Board members of the Canadian Media Producers Association (CMPA) and the l’Association québecoise de la production médiatique (AQPM) met earlier this week to discuss issues facing indie producers in Canada and left those meetings with a renewed commitment to fostering Canadian talent and promoting ‘Brand Canada.’
That’s according to CMPA president and CEO Reynolds Mastin, who told Playback Daily that after meeting with the AQPM on Wednesday, there was a sense of common purpose between the organizations.
The meeting between the two member organizations comes on the heels of the launch of Heritage Minister Melanie Joly’s Cancon consultations, “Canadian Content in a Digital World.” Those consultations, on how to strengthen and promote Canadian content at home and abroad, launched Sept. 13 and will be open until Nov. 25.
In addition to the consultations, the two organizations also discussed the regulation of OTT services, the CRTC group licence renewal hearings and federal tax credit issues.

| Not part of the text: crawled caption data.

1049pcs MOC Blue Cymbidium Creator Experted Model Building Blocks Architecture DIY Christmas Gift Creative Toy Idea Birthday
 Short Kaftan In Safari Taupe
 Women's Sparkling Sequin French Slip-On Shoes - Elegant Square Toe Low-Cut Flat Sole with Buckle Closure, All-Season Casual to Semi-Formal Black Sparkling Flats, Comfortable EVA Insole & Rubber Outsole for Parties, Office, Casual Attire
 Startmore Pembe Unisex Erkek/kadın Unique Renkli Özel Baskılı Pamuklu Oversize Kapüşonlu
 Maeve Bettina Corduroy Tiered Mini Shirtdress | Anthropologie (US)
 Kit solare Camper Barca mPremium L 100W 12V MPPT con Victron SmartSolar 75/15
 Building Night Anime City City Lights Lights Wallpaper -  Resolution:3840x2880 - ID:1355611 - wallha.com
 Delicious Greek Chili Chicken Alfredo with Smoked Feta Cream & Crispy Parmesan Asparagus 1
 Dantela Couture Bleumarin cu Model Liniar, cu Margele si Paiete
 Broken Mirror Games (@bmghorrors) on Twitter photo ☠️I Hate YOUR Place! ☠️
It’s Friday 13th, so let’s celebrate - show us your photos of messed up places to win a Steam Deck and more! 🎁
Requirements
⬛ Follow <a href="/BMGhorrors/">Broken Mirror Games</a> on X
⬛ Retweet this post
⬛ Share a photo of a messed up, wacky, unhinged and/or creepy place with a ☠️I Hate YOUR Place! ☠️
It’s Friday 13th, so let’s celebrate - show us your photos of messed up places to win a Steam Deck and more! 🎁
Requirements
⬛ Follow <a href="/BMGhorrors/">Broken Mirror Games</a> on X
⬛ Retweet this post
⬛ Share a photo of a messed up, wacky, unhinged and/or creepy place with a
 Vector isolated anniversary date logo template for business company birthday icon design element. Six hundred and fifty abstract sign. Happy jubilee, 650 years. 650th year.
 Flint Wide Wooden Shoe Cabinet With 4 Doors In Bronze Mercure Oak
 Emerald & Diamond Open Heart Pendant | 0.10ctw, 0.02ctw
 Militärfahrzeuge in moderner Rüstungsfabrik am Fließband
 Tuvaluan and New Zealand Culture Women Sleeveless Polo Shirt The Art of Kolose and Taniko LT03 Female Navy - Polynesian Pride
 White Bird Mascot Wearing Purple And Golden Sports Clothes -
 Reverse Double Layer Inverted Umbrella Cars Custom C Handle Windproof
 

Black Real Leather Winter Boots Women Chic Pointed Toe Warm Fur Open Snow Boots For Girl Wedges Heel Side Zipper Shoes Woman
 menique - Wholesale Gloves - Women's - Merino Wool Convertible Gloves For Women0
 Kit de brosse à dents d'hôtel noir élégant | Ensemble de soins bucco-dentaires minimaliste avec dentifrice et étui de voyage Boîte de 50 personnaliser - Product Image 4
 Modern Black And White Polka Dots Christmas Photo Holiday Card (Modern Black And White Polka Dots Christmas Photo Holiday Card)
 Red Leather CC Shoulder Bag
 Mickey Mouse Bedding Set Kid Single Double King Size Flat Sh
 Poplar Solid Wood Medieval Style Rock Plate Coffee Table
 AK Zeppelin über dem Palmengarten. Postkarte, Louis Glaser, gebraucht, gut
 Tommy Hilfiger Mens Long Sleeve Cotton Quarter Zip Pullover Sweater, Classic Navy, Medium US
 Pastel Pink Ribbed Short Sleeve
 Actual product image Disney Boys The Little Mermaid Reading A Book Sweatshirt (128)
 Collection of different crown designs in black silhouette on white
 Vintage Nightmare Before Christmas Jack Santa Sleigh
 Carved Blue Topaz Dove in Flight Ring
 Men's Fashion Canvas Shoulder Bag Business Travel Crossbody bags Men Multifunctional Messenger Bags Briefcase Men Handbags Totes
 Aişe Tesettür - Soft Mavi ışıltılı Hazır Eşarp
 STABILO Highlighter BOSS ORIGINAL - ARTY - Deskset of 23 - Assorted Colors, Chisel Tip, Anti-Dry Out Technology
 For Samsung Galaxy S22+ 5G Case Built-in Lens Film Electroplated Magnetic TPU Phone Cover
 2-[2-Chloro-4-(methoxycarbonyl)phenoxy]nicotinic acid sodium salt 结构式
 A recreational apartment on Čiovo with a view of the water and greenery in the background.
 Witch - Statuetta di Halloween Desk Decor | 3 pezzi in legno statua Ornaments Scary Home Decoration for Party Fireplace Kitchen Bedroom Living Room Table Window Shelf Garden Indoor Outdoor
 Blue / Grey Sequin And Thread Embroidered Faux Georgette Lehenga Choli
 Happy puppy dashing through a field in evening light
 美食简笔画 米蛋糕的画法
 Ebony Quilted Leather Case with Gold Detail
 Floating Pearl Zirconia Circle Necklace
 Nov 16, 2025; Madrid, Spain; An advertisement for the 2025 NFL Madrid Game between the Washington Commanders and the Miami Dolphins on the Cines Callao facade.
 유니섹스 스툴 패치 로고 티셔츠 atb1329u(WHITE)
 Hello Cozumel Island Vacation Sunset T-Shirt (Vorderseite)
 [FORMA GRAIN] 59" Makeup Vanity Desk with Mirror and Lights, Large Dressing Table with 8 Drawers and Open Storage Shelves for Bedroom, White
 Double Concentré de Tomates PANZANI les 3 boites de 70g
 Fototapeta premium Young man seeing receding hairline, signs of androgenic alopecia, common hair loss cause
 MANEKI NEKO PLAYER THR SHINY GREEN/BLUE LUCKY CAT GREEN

While the AQPM and CMPA did not solidify the positions they’ll present at the consultations with Minister Joly, Mastin said both organizations agreed that the development of Canadian talent is of paramount importance to Canadian content production.
“What was very clear to everyone is that we need to collectively ensure that producers continue to do what they do best, which is to identify and cultivate and develop talent – Canadian talent first and foremost, because we know it’s through the development of that talent that great content ultimately gets produced. That’s what we’re all about,” said Mastin.
“We had high-level discussions about how can we further foster the development and cultivation of talent and how can we fully leverage the diversity of talent and diversity of voices that are core to our country.”
In August, the CRTC introduced an updated policy framework for Canadian Independent Production Funds (CIPFs), which reduced the number of Canadian certification points required for a production to receive CIPF funding from eight points to six. The decision sparked outrage from many Canadian creative guilds, organizations and members of the industry. For its part, the CMPA came out in favour of the updated framework as a whole. This commitment to fostering Canadian talent, therefore, is an important message for the CMPA to get behind.
“If we are not providing meaningful opportunities for new voices to emerge and to give them the training and the exposure and the experiences that they need to grow as artists then we cannot possibly succeed as an industry. That is always job number one. And that is always the number one focus of producers,” stated Mastin.
Mastin said that both organizations also discussed how they can capitalize on Canada’s revamped international image.
“We have a prime minister who in the past year has made giant strides in enhancing ‘Brand Canada.’ We believe we can play and do play a central role in ensuring that that brand resonates, both for Canadians and for international audiences.”
While no concrete steps or policy objectives have yet been developed by the organizations, the meeting is an important first step to helping producers “deliver Canada to the world,” said Mastin.